Dec 17, 2003
Morgan Stanley Children's Hospital of NewYork-Presbyterian has selected Dr. William Treem, one of the foremost authorities in the treatment of pediatric liver disease and bowel disease, to be director of the newly created Division of Pediatric Gastroenterology, Hepatology and Nutrition. Additionally, Columbia University College of Physicians & Surgeons has appointed Dr. Treem as professor of Clinical Pediatrics.
"We are thrilled to welcome Dr. William Treem to Children's Hospital," said Dr. John Driscoll, Chairman of Pediatrics at Morgan Stanley Children's Hospital of NewYork Presbyterian. "Dr. Treem's many contributions include his discovery of an enzyme replacement treatment, which was approved by the FDA in 1999 for treatment of congenital sucrase isomaltase deficiency, a genetic disorder. He is an expert in inflammatory bowel disease, including the use of cyclosporin, an immunosuppressive drug, to treat fulminant ulcerative colitis, a life-threatening inflammatory condition. Dr. Treem authored one of the first papers on carnitine transport defect, a rare and life-threatening condition, and was one of the first to describe a link between acute fatty liver of pregnancy and a fatty acid oxidation disorder in the fetus, another rare but life-threatening condition in which the body is unable to breakdown fatty acids to make energy."

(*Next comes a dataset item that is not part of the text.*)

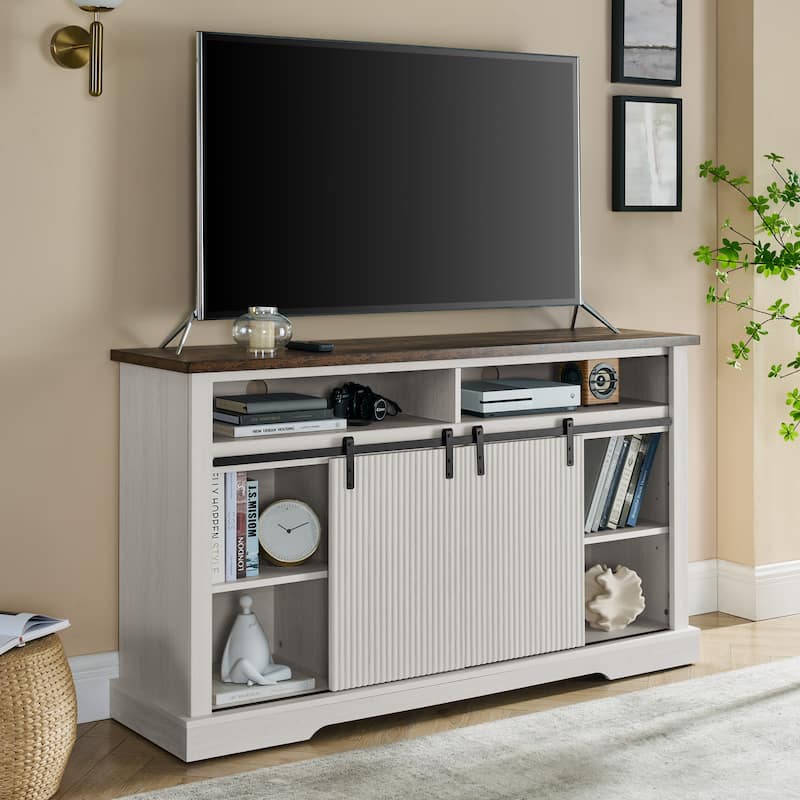 TV Stand for 65 Inch TV, Entertainment Center - Brown+White
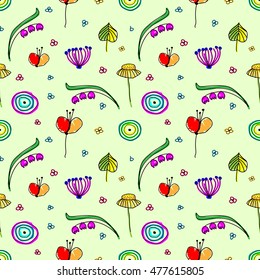 Seamless vector floral pattern. Cute hand drawn endless background with childish flowers and leaves. Series of Doodle, Cartoon and Sketch vector seamless patterns.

Dr. Treem graduated from Stanford University School of Medicine in 1977 and completed his residency at Boston's Children's Hospital in 1980. His previous clinical appointments include Concord Clinic in Concord, New Hampshire, Georgetown Medical Center, Philadelphia Children's Hospital, and University of Connecticut Hartford Hospital. Prior to accepting a position at Morgan Stanley Children's Hospital of NewYork-Presbyterian, Dr. Treem was affiliated with Duke University Medical Center, where he developed their distinguished pediatric gastroenterology program.
Dr. Treem has authored more than 80 original publications and 36 reviews, editorials, and textbook chapters. He has been awarded a number of grants during his academic career, including an FDA Orphan Drug Grant that supported research leading to the approval of Sucraid, a drug therapy for congenital sucrase-isomaltase deficiency.